Regenerative sustainability: enabling people and planet to thrive.

The Lithuanian Green Build Council conference in Vilnius, attracting over 100 from the world built environment Real Estate, Design, Contruction, Product Manufacturers, Facilities Managers and Investors, asked the question ‘Sustainability what is it’?

It was a privilege to kick-off presentations, following an opening address from the Republic of Lithuania’s Ministry of Environment, sharing insights from FutuREstorative and Cost RESTORE. It was pleasing to see that key messages of my keynote resonated throughout the day’s presentations and case studies from inspiring speakers from Europe and the USA.

The key message was that we no longer have a luxury only to be less bad but that we need to seek different approaches to sustainability that enable us to do more good. Thats more good for people health, for planet health and importantly for financial health. Only reducing impact can be seen as the foolish act of driving ever slower towards a cliff edge we know is there.

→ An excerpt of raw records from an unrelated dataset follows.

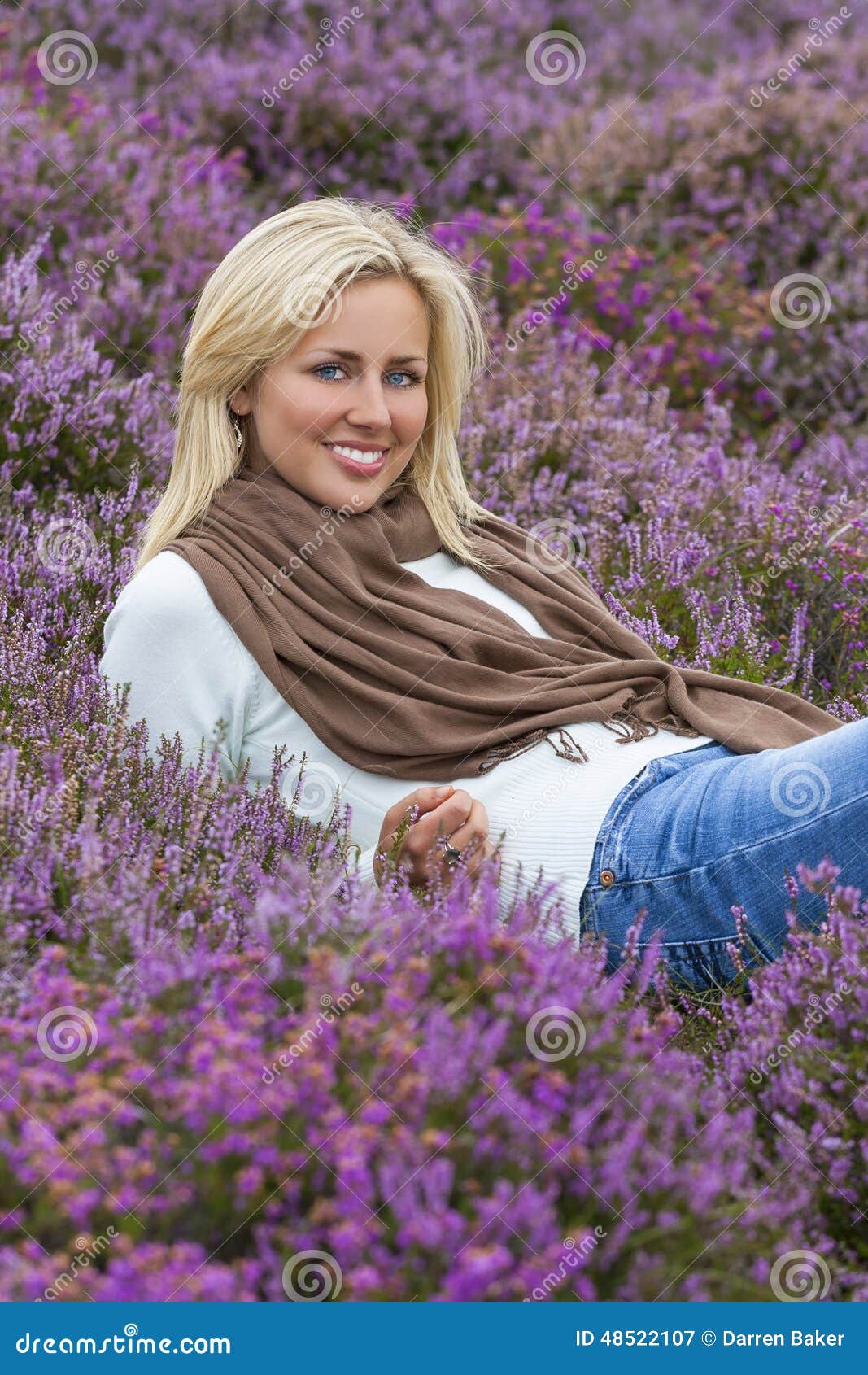 Young Woman Girl in Field of Purple Heather Flowers. A naturally beautiful young blond woman in a field of purple heather flowers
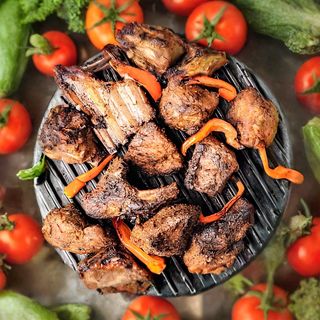 Goat Nyama Choma Pan Fried served with  half chips and half rice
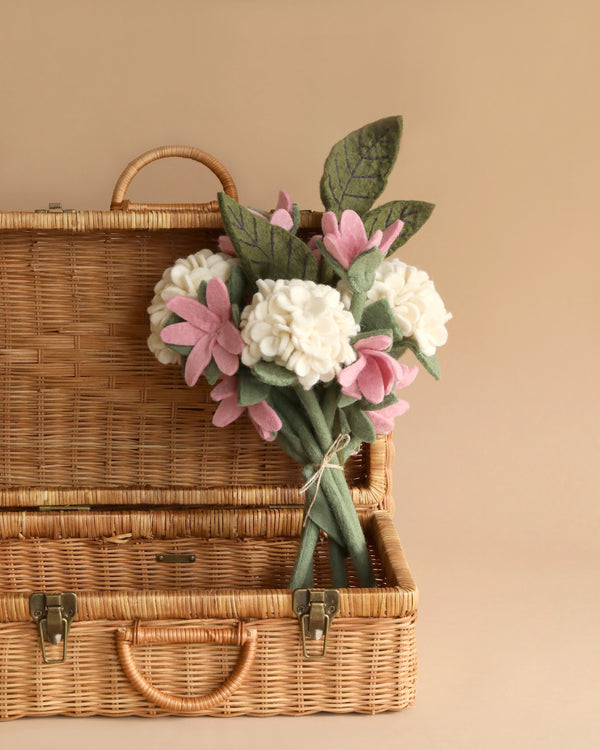 A wicker picnic basket with its lid slightly open, revealing a bouquet of Felt Flower Bouquet - White Hydrangea with green leaves, set against a neutral background.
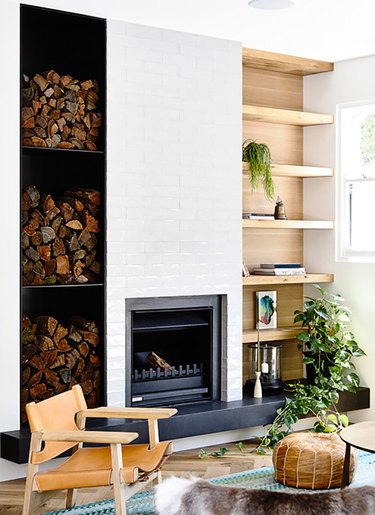 midcentury fireplace with built in shelving and stacked wood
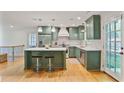Modern kitchen featuring green cabinets, stainless steel appliances, and a center island at 4554 Meadow Valley Dr, Atlanta, GA 30342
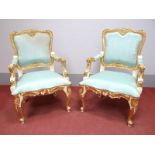 A Pair of XVIII Century French Style Gilt Wood Armchairs, with a shaped top rail, upholstered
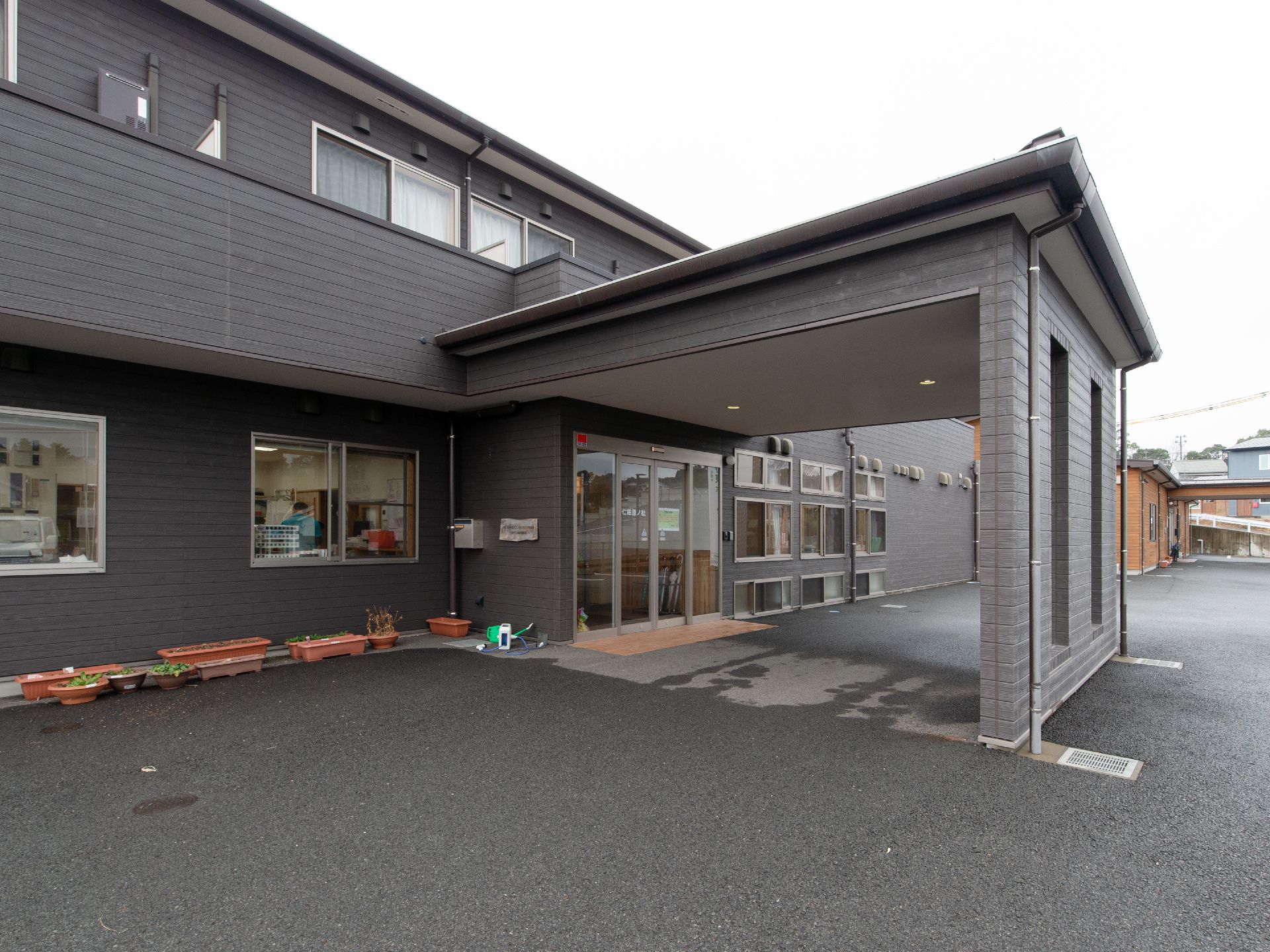 ブラウンの2階建ての横長の建物の端には、ベージュの建物が続いている。玄関には大きなキャノピーが設置され雨天に備えている。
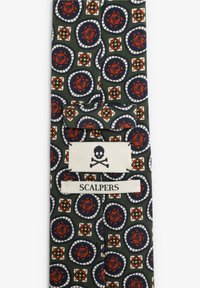 Corbata de tejido con patrones en azul marino, rojo y blanco, con motivos circulares y una etiqueta que dice "SCALPERS" que presenta un icono de calavera.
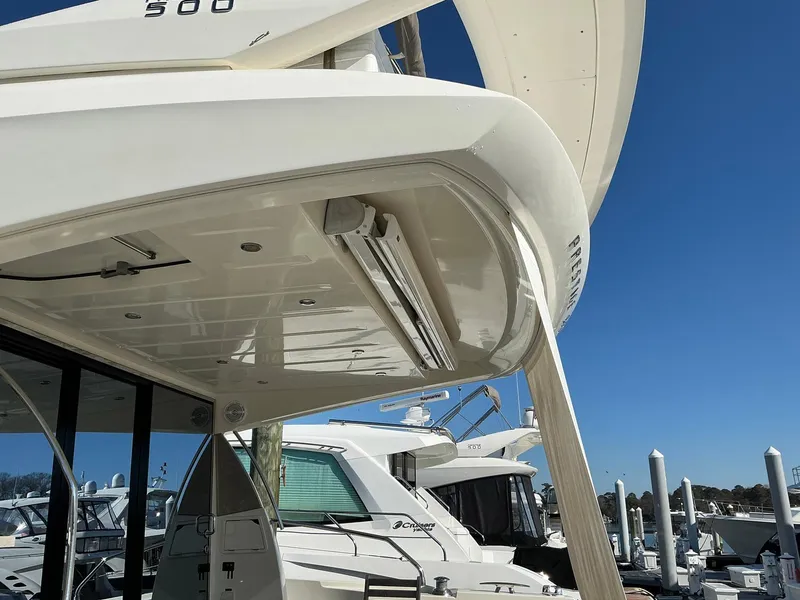 Slide: The Image of 2015 Prestige 500 yacht docked under clear blue sky. - 8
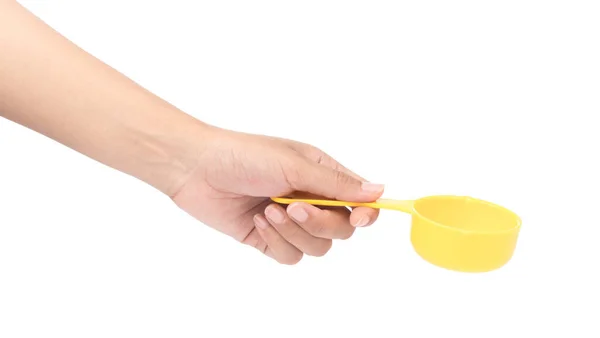 Hand holding yellow plastic scoop isolated on white background — Stok fotoğraf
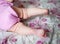 Little girl`s legs when she`s learning to crawl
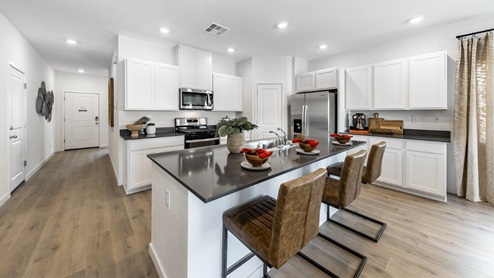 Kitchen with an island, white shaker-style cabinets and stainless steel appliances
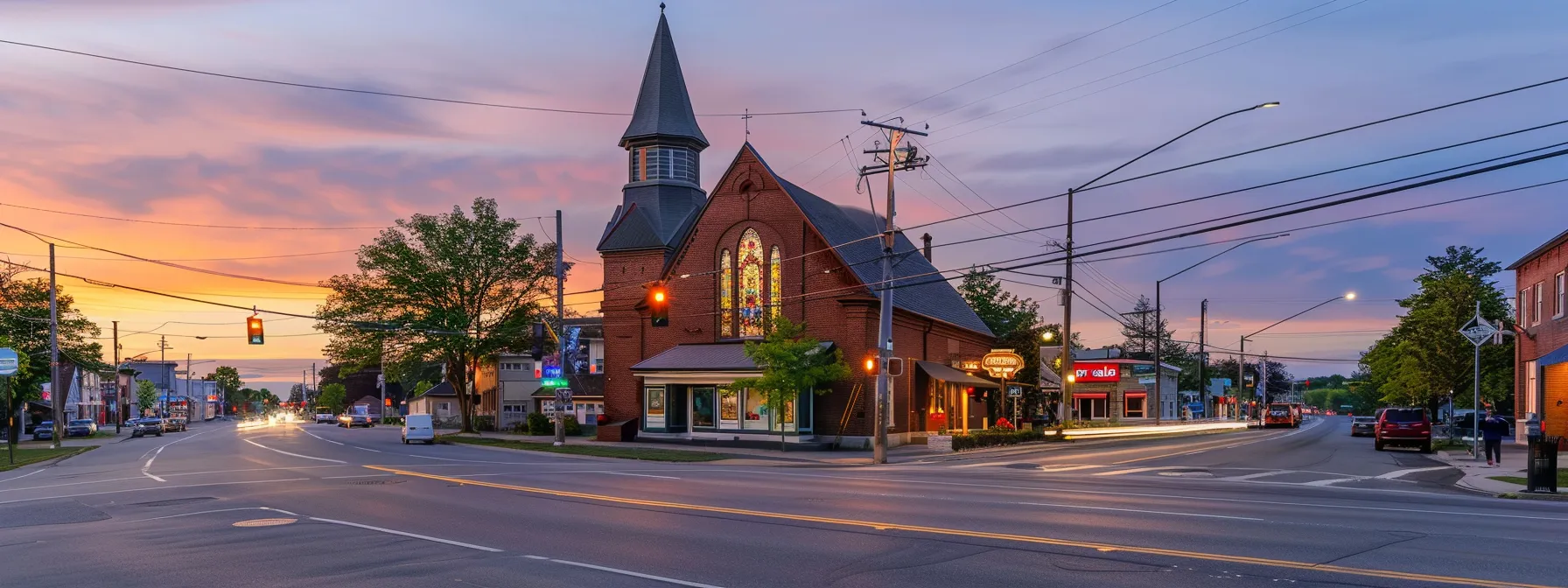 a church surrounded by commercial storefronts with a 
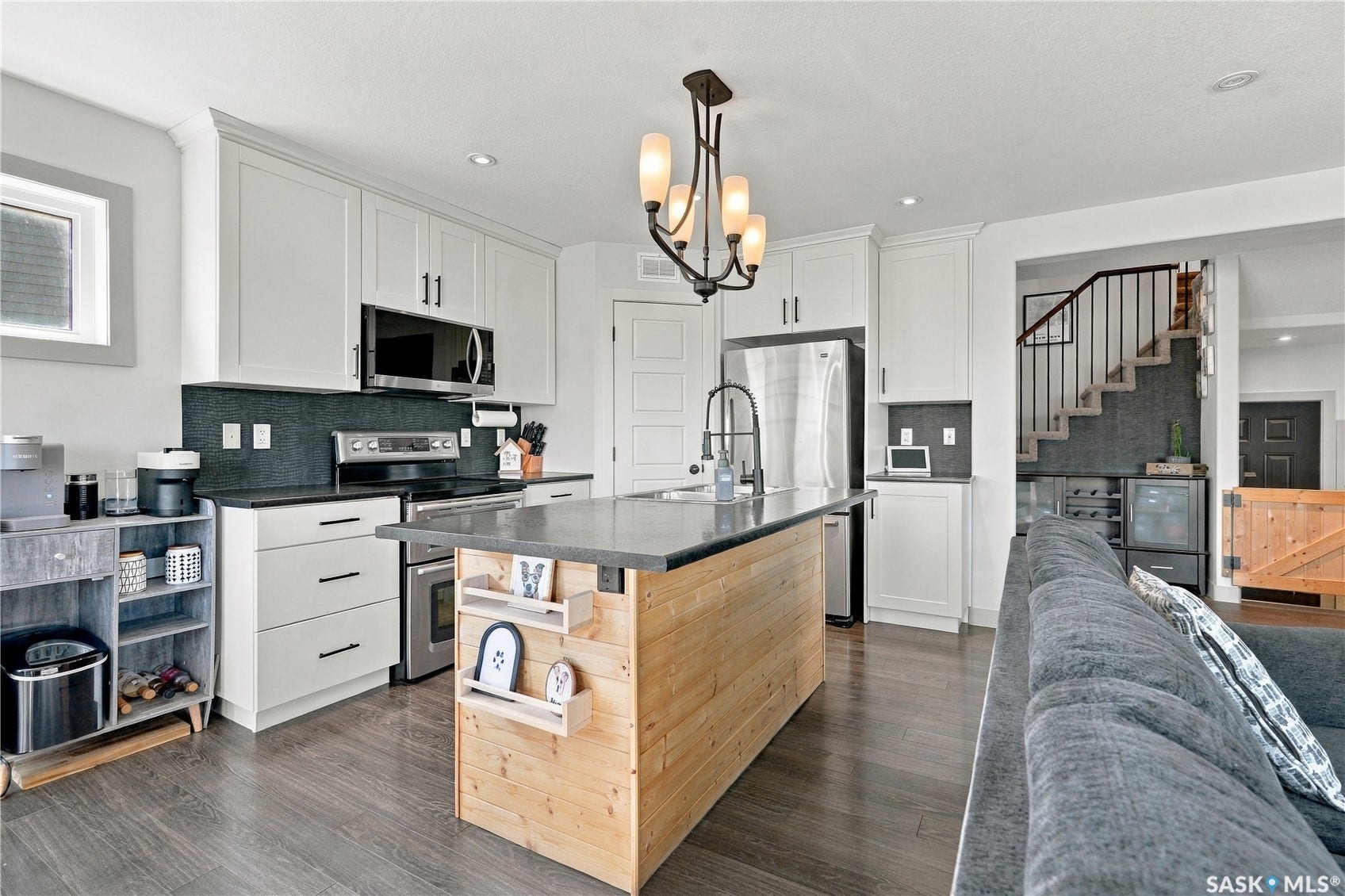 Kitchen featuring white shaker cabinetry, stainless steel appliances, a center island and laminate flooring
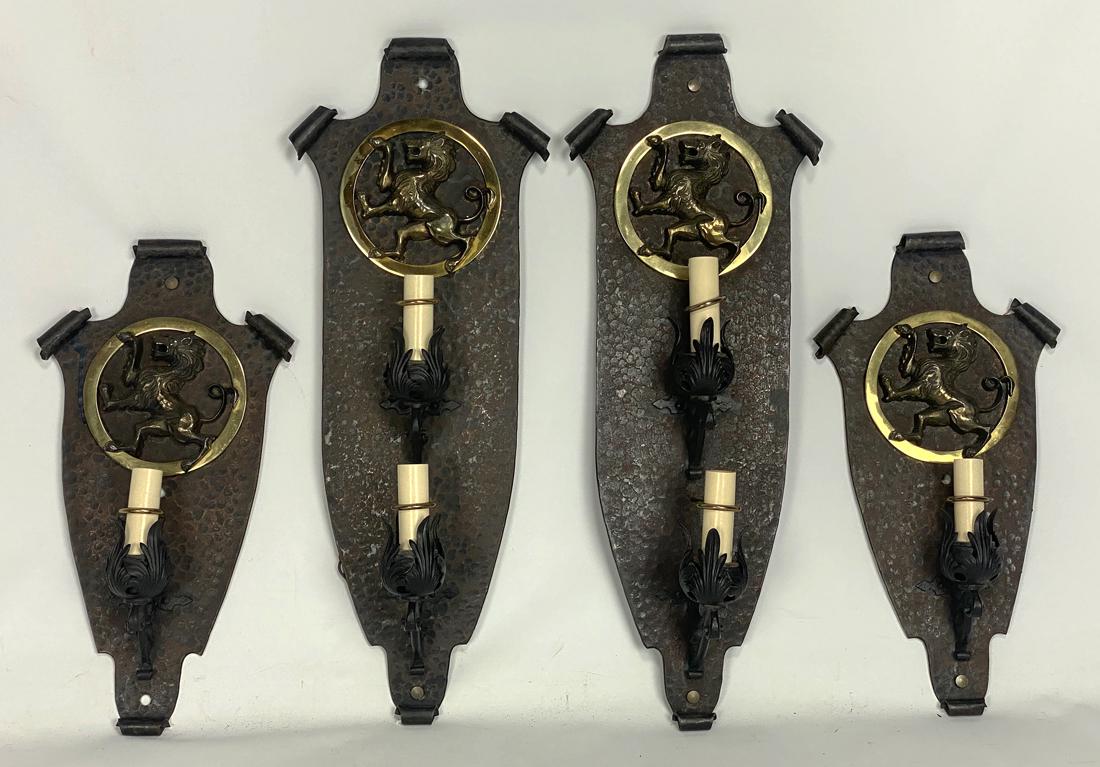 (on 4) ART DECO IRON WALL SCONCES: c. 1920's, scrolled, elongated shield-form, round brass rampant lion plaque, copper hammered patina throughout; a single-light pair, 22"h; the other, a double-light pair, 31"h Original to a 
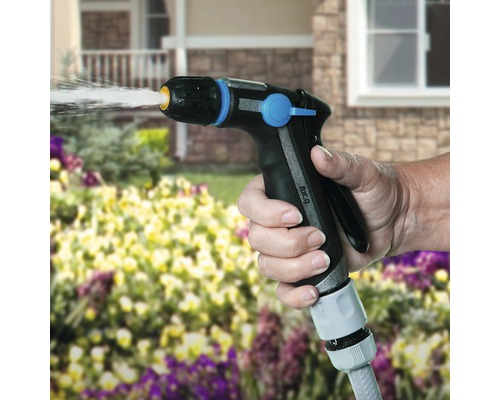 Eine Hand hält eine Gartenspritze und bewässert Pflanzen.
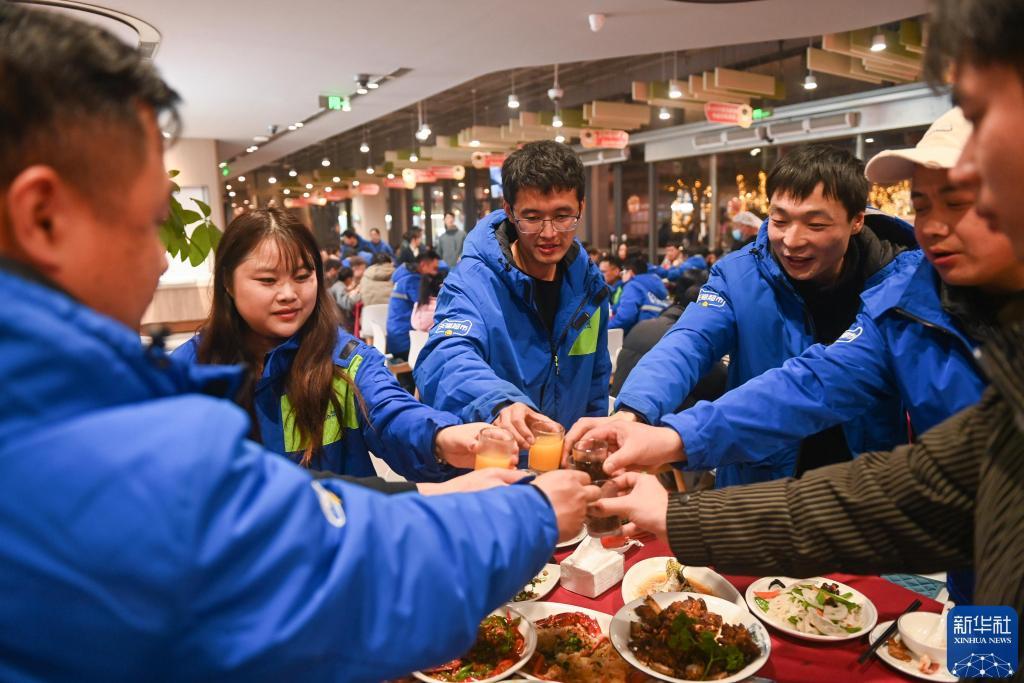 2025年1月22日，快递员和家属在“年夜饭”活动上碰杯。当日，200余名大部分来自外地的快递员及家属受邀参加一场“年夜饭”活动，提前在异乡感受春节团聚的温暖。 新华社记者 黄宗治 摄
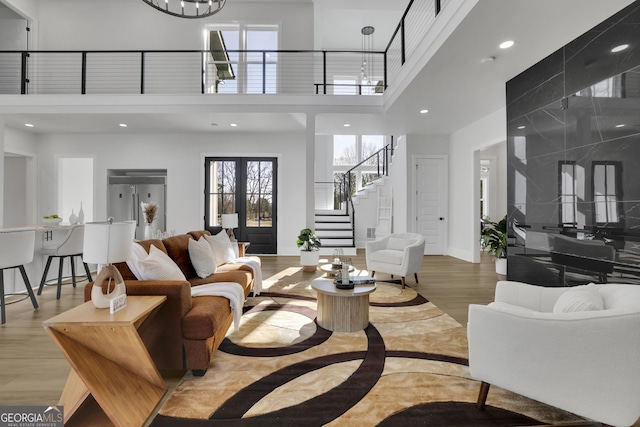 living room featuring a towering ceiling, light hardwood / wood-style floors, and french doors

The impact we have within the built environment sector on the health of those who work live and play in our buildings is huge, and a responsibility we need to face up to, not just to ‘sustain’ but to enable people and planet to thrive.

The LTGBC event included presentations with wonderful insights into regenerative design from Emanuele Naboni KADK / RESTORE, on circular economy from Kestutis Sadauskas, European Commission on healthy materials and LCA (from Camille FABRE, Sant-Goban, into green bonds for regenerative projects from Katya Nolvall atSwedbank) and BIPV – Building Integrated PV’s from Julija Kaladžinskaitė, alongside certification schemes that push the regenerative and health concept from David Hubka and Levan Ekhvaia (DGNB)

It was also a privilege to meet with and share insights with staff and students from VGTU (Vilnius Gedimino Technical University) School of Architecture the following day.  Once again discussions and questions related to the need for collaboration with health practitioners in project design and construction. My thanks to Dr Gintaras Stauskis for the guided tour of Vilnius with insights into the city’s history and soviet architecture, and to his team at VGTU for hosting me for the day.

There were many takeaway’s over the two days and I learnt much from presentations and discussions. Conferences such as this may well be seen as a sustainability bubble of like-minded thinkers, but it is heartening to hear of the wonderful innovations and passions that are enabling us in the built environment to become key climate change solution providers, and not just part of the climate change problem.

We are learning to design and build for people and planet health, not just for function retaliation or image. And given the 12 years timeframe the IPCC October 2018 Report has given us … we need more of this.

Congratulations to Eugenis Sapel and team at LTGBC and Vesta for moderating and delivering a great event, and for keeping us speakers focused on financial aspects of regenerative sustainability.